PROMPT:
In the entries that follow, find the line containing "this 1133×850 image." and the line containing "this 200×150 image.", then copy exactly everything from the first through the second except the pictures.

---- DATA TO USE

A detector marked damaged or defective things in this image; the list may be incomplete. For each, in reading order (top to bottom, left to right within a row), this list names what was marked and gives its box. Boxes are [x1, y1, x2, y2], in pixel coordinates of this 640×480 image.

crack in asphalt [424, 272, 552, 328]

--------
---- DATA TO USE

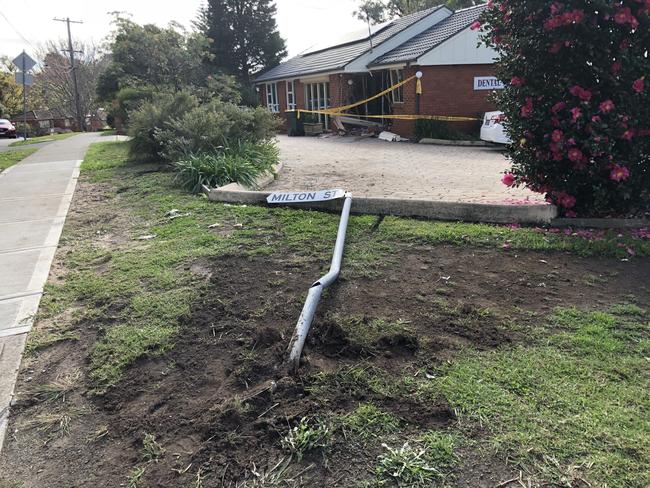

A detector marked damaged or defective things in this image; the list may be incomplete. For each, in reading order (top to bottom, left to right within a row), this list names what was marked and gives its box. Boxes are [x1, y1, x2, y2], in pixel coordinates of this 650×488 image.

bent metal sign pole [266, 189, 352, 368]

--------
---- DATA TO USE

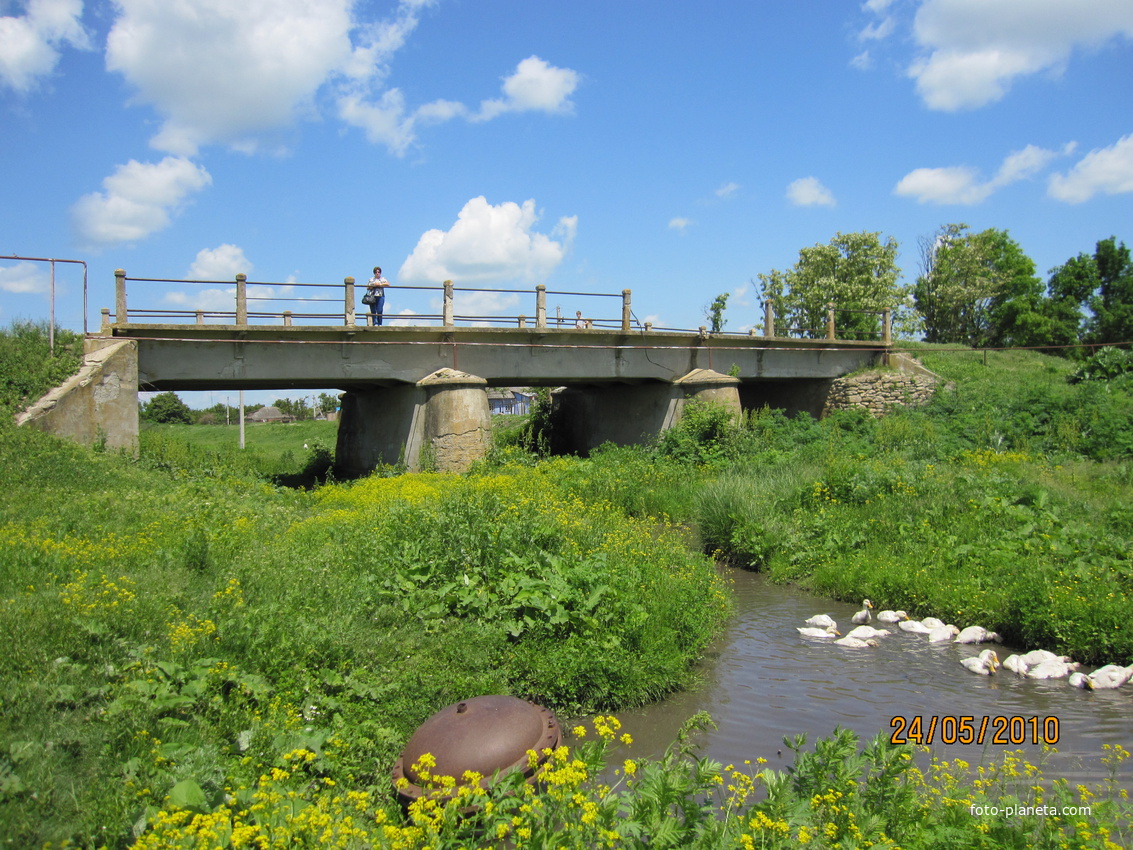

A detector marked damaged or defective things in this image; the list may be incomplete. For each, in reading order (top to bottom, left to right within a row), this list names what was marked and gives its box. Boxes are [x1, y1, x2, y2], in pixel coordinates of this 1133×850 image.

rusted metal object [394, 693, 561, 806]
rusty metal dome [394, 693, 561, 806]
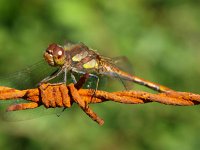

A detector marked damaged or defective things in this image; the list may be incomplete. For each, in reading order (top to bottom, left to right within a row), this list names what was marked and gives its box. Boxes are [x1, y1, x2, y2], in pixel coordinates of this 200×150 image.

--------

RESULT BELOW:
A detector marked damaged or defective things in this image; the list may be incomplete. For each, in reading order (top to bottom, left to right within a row), this list names what was marked and gives its box. Boxes are [x1, y1, x2, y2], in pixel coordinates of this 1133×850 image.

rusted metal object [394, 693, 561, 806]
rusty metal dome [394, 693, 561, 806]

A detector marked damaged or defective things in this image; the list may be incomplete. For each, in reading order (top to bottom, left to right within a row), this list names what was marked and gives its box. Boxes are [x1, y1, x2, y2], in pixel coordinates of this 200×150 image.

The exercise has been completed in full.